It’s hard enough to find people to work for you. Keeping them? That’s another battle, automotive aftermarket industry executives suggested during a recent conference.
For Mike Carr, chief executive officer of Cardone Industries, getting people to work for his company has been a big challenge, though it has gotten better thanks to some new ways of doing things.
“We had to do some things there that were maybe a little bit unusual for us,” he said during the recent Automotive Aftermarket Suppliers Association Vision Conference in Detroit.
“I think the first thing we had to do was recognize that we were not just competing with other manufacturing jobs — we were competing with Target and other retailers and folks like that for people. We didn’t usually think of them as [companies] we had to compete with.”
Another strategy Cardone undertook was getting ahead of their hiring plan. So begin hiring before they actually planned to originally as business grew, Carr said during the session, Supplier Pain Points: A CEO Panel.
As for keeping people around, that’s the next big challenge. “There’s a lot of effort around talking to our employees, surveying our employees more than normal … because we’ve had to do it to make sure that we’re meeting their needs,” Carr said.
Cloyes Gear & Products also found surveying staff helpful. “And that’s a real good way to make sure we’re all on the same page,” said John Hanighen, chief executive officer at Cloyes. “If someone in the plant needs a tool, I want to know about it. If someone’s unhappy about overtime [I want to know].”
Eric Sills, chief executive officer and president of Standard Motor Products, has daily executive meetings due to the rapid pace of change taking place.
“The only way for us to be nimble and quick is to get the information as fast as we can [to] the folks leading our company,” he said on the panel. “And while they probably walk out of the room mumbling under their breath about me that ‘I have a meeting every day,’ I think that we’ve benefited from it.
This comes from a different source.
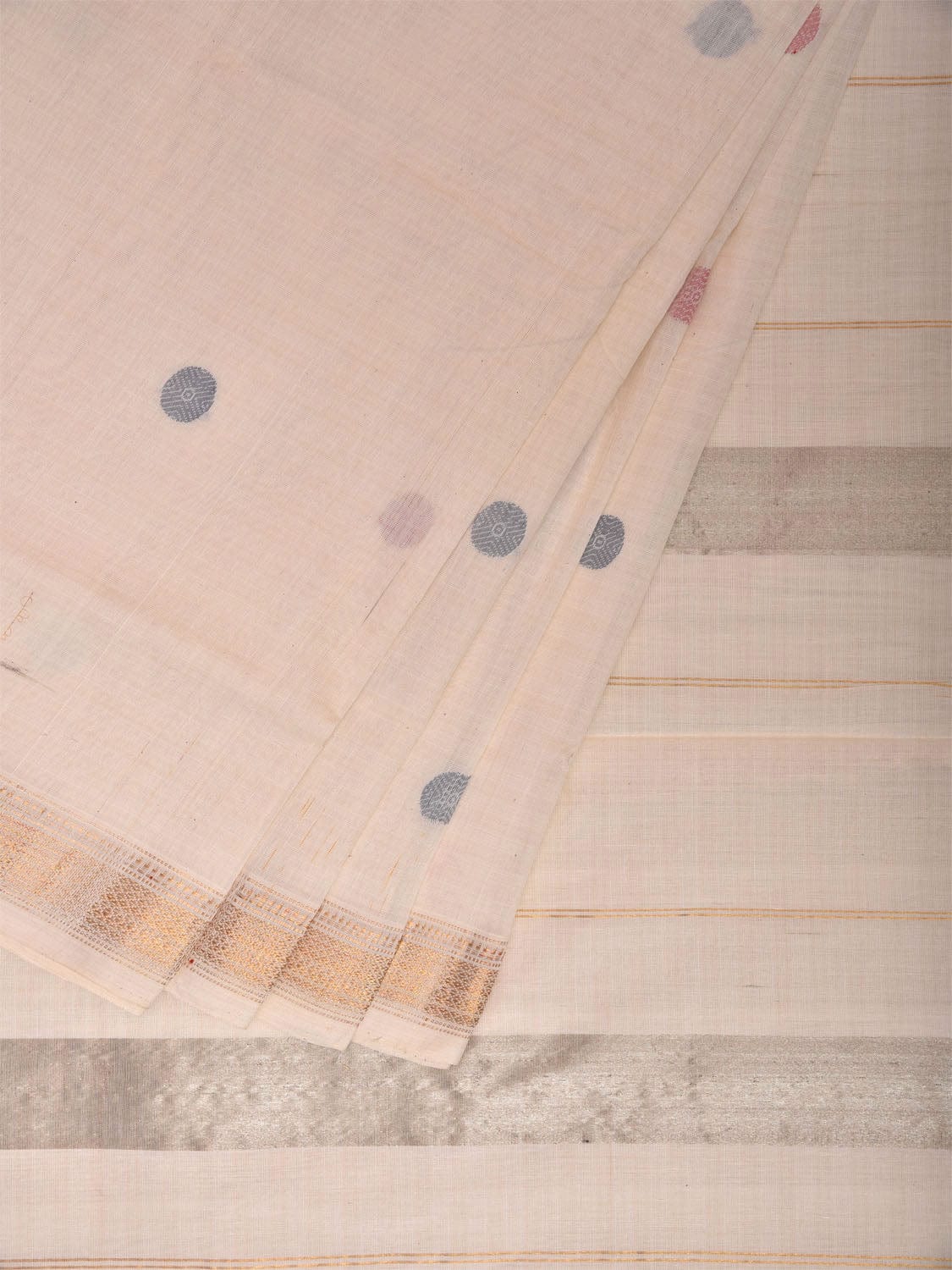 White Khadi Cotton Handloom Saree with Rudraksh Buta Design kh0711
And we’ve really tried to keep people focused. That’s a pretty important word, I think. Focused on service, quality, coverage … the things that our customers want from us and not be distracted by other things.
“I think we’re almost sick and tired of many surveys and additional interaction. But the trick is to show action from the feedback.”
The key thing about doing surveys is acting on them, noted Ben Smart, vice president of aftermarket for North America at ZF Services.
“I think we’re almost sick and tired of many surveys and additional interaction. But the trick is to show action from the feedback,” he said.
One action that stemmed from the feedback was instituting a four-day workweek at one of ZF’s facilities in response to employees’ desire for more flexibility.
“If I was to be told that ZF would be introducing four-day work weeks three years ago, I probably would have eaten this hat,” he joked. “It’s things like that. You’ve got to you’ve got to take advantage of getting that greater information. You’ve got to act on it. Because otherwise people do become tired of constantly doing feedback and they’re not getting responses.”
Cloyes found success in offering a referral bonus to staff if they recommended someone to the company and they ended up being hired.
One strategy Cardone undertook was ensuring the company had a diverse workforce. They reached out to a local support group and one of the more recent trends has been hiring Afghan refugees who have settled in the area.
“If you’ve been to one of our factories, the diversity is just unbelievable. We have 30 or 35 languages spoken down on the shop floor,” he said. “And so then someone who’s from outside the country feels comfortable when they see a lot of different people there. And I think that’s [something] we’ve really taken advantage of.”